I wake up at 8am and drink 500ml of water. This is all I’ll have before I get to work and knock back another litre, this time with a scoop of superfood greens mixed in and a steaming cup of green tea as a chaser. There will be more tea at 11am. It’s only after I’ve pushed through my lunchtime gym session – with minimal assistance from 10g of BCAAs, to stop muscle mass loss – that I’ll have my first meal of the day, a giant plate of protein and veg that’s also my first solid food in 16 hours.
Until recently, I’d have filed this eating plan alongside the cayenne-pepper-and-syrup diets you read about in celeb mags – sure to slow my metabolism to a crawl, force my body into starvation mode, destroy my hard-earned muscle and drive me insane. Everyone knows that breakfast is the most important meal of the day and that frequent, small meals are the key to stoking the metabolic fires and keeping fat loss on track, right? Well… not necessarily.
A number of big names in the nutrition world have come over to the idea that intermittent fasting, far from being hippie nonsense, can actually be beneficial. They suggest it can change the way you think about eating, help you manage your hunger and give you that final nudge towards a single-digit body-fat percentage. There’s evidence from studies on animals that it might help reduce blood pressure, increase cell repair and even increase lifespan.

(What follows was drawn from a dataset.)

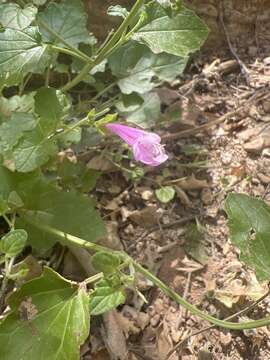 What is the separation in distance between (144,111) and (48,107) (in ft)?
→ 2.03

On the flipside, it’s certainly not for everyone. People who’ve had eating disorders, for instance, should steer well clear. Many trainers still regard it as a bit of a gimmick. Who’s right? My green tea binge is part of my attempt to find out.

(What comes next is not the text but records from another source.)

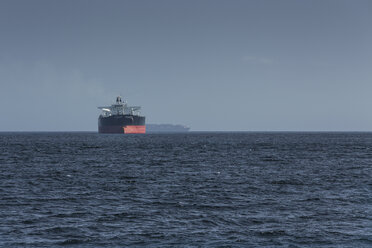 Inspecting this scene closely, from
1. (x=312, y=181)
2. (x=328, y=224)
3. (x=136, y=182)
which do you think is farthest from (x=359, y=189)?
(x=136, y=182)

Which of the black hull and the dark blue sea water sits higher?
the black hull

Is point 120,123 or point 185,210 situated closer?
point 185,210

First, here are the most popular fasting practices being used today. Read on to find out how I got on as I became MF’s fasting guinea pig for the month.
FAST # 1
24-hour Trial Dr John Berardi recommends starting at 10pm, eating your last meal just before that time. Drink water and green tea at intervals throughout the following day, and take 10g of BCAAs. At 10pm, eat a small carb-free snack before bed before going back to normal eating the next day.
More info johnberardi.com
FAST # 2
16/8 Sometimes known as ‘Leangains’ after the term was popularised by author Martin Berkhan, this simply means restricting your eating window to eight hours a day. Most people go without food from 9pm to 1pm, train at lunch and then eat two to three large meals within the next eight hours. Not for beginners.
More info leangains.com
FAST # 3
Periodic Exactly the same as the 24-hour trial, except you don’t start at 10pm – you simply do it using whatever interval suits you, such as from breakfast to breakfast. Berardi does this when he’s travelling and can’t find quality meat and veg.
More info johnberardi.com
FAST # 4
20/4 Popularised by Ori Hofmekler as the Warrior Diet, since it’s supposed to emulate the feeding patterns of Roman centurions and Spartan soldiers. Possibly the easiest to follow, although you might get hungry throughout the day – and it’s tough to eat ‘clean’ when you’re knocking back 2,000 calories in one sitting.